Saitama Cancer Center, Research Institute for Clinical Oncology, Kitaadachi-gun, Saitama 362-0806, Japan.
J Cancer Res Clin Oncol. 2010 Jun;136(6):911-21. doi: 10.1007/s00432-009-0733-y. Epub 2010 Jan 5.
Tumor necrosis factor-alpha inducing protein (Tipalpha) is a unique carcinogenic factor released from Helicobacter pylori (H. pylori).

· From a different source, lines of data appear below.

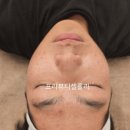 프리뷰티셀플라 이미지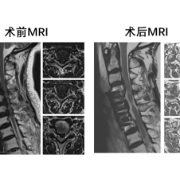 中南大学湘雅医院开展湖南省首例胸椎前移治疗多节段胸椎 OPLL手术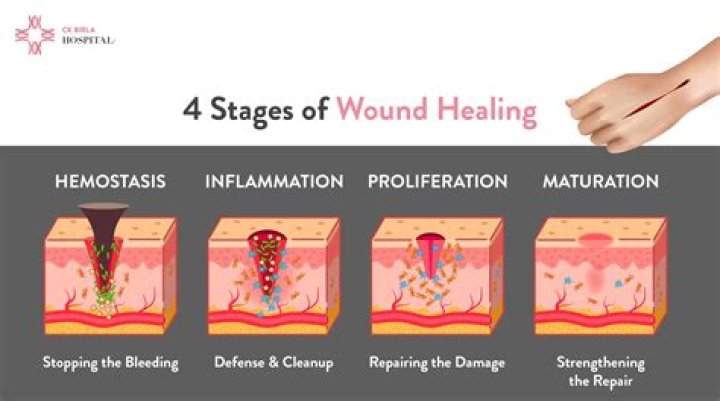 How do you stop a wound from oozing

Tipalpha specifically binds to cells and is incorporated into cytosol and nucleus, where it strongly induces expression of TNF-alpha and chemokine genes mediated through NF-kappaB activation, resulting in tumor development. To elucidate mechanism of action of Tipalpha, we studied a binding protein of Tipalpha in gastric epithelial cells.

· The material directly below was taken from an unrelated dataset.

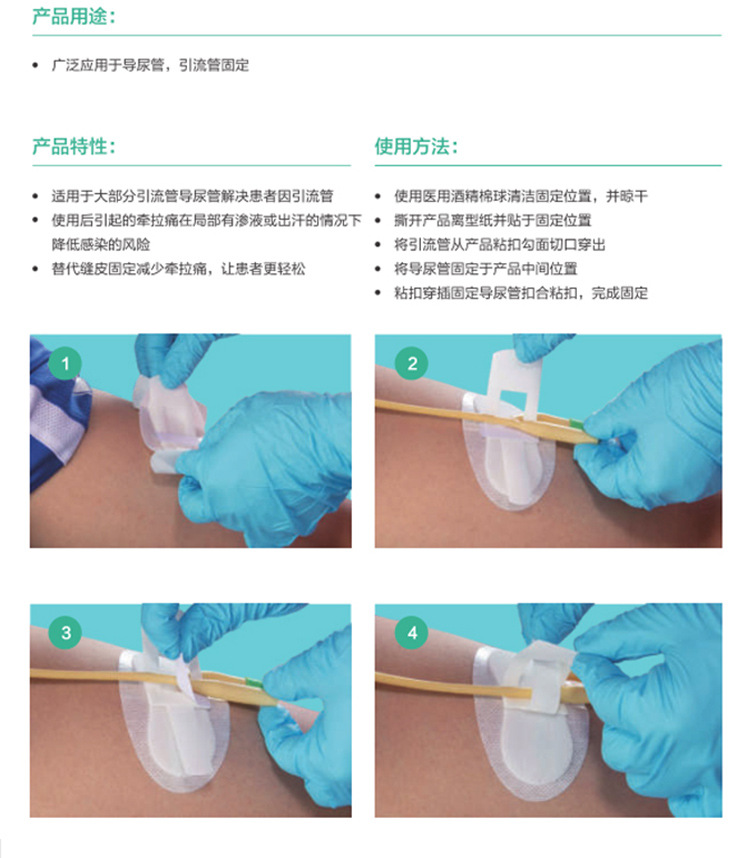 鼻胆管固定方法图片图片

Tipalpha binding protein was found in cell lysates of mouse gastric cancer cell line MGT-40 by FLAG-pull down assay and identified to be cell surface nucleolin by flow cytometry using anti-nucleolin antibody. Incorporation of Tipalpha into the cells was determined by Western blotting and expression of TNF-alpha gene was quantified by RT-PCR.

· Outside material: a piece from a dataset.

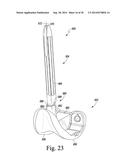 METHOD OF SURGICALLY PREPARING A PATIENT S FEMUR diagram and image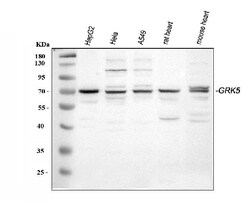 Invitrogen GRK5 Polyclonal Antibody 100 &mu;g; Unconjugated:Antibodies,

Nucleolin was co-precipitated with Tipalpha-FLAG, but not with del-Tipalpha-FLAG (an inactive mutant). After treatment with Tipalpha-FLAG, incorporated Tipalpha was co-immunoprecipitated with endogenous nucleolin using anti-nucleolin antibody. The direct binding of Tipalpha to recombinant His-tagged nucleolin fragment (284-710) was also confirmed. Although nucleolin is an abundant non-ribosomal protein of the nucleolus, we found that nucleolin is present on the cell surface of MGT-40 cells. Pretreatment with anti-nucleolin antibody enhanced Tipalpha-incorporation into the cells through nucleolin internalization. In addition, pretreatment with tunicamycin, an inhibitor of N-glycosylation, decreased the amounts of cell surface nucleolin and inhibited both internalization of Tipalpha and expression of TNF-alpha gene.
All the results indicate that nucleolin acts as a receptor for Tipalpha and shuttles Tipalpha from cell surface to cytosol and nuclei. These findings provide a new mechanistic insight into gastric cancer development with Tipalpha.
肿瘤坏死因子-α诱导蛋白(Tipalpha)是一种从幽门螺杆菌(H. pylori)中释放的独特致癌因子。Tipalpha 特异性结合细胞,并被纳入细胞质和细胞核,在那里它通过 NF-κB 激活强烈诱导 TNF-α和趋化因子基因的表达,导致肿瘤的发展。为了阐明 Tipalpha 的作用机制,我们研究了胃上皮细胞中 Tipalpha 的结合蛋白。
通过 FLAG 下拉测定法在小鼠胃癌细胞系 MGT-40 的细胞裂解物中发现了 Tipalpha 结合蛋白,并通过使用抗核仁蛋白抗体的流式细胞术将其鉴定为细胞表面核仁蛋白。通过 Western blot 测定 Tipalpha 的掺入,通过 RT-PCR 定量 TNF-α 基因的表达。
核仁蛋白与 Tipalpha-FLAG 共沉淀,但与 del-Tipalpha-FLAG(无活性突变体)不沉淀。在用 Tipalpha-FLAG 处理后,用抗核仁蛋白抗体共免疫沉淀了内源性核仁蛋白与掺入的 Tipalpha。还证实了 Tipalpha 与重组 His 标记的核仁蛋白片段(284-710)的直接结合。尽管核仁蛋白是核仁中丰富的非核糖体蛋白,但我们发现核仁蛋白存在于 MGT-40 细胞的细胞表面上。用抗核仁蛋白抗体预处理可通过核仁蛋白内化增强 Tipalpha 掺入细胞。此外,用衣霉素预处理,一种 N-糖基化抑制剂,可减少细胞表面核仁蛋白的量,并抑制 Tipalpha 的内化和 TNF-α 基因的表达。
所有结果表明核仁蛋白作为 Tipalpha 的受体起作用,并将 Tipalpha 从细胞表面转运到细胞质和细胞核。这些发现为 Tipalpha 诱导的胃癌发展提供了新的机制见解。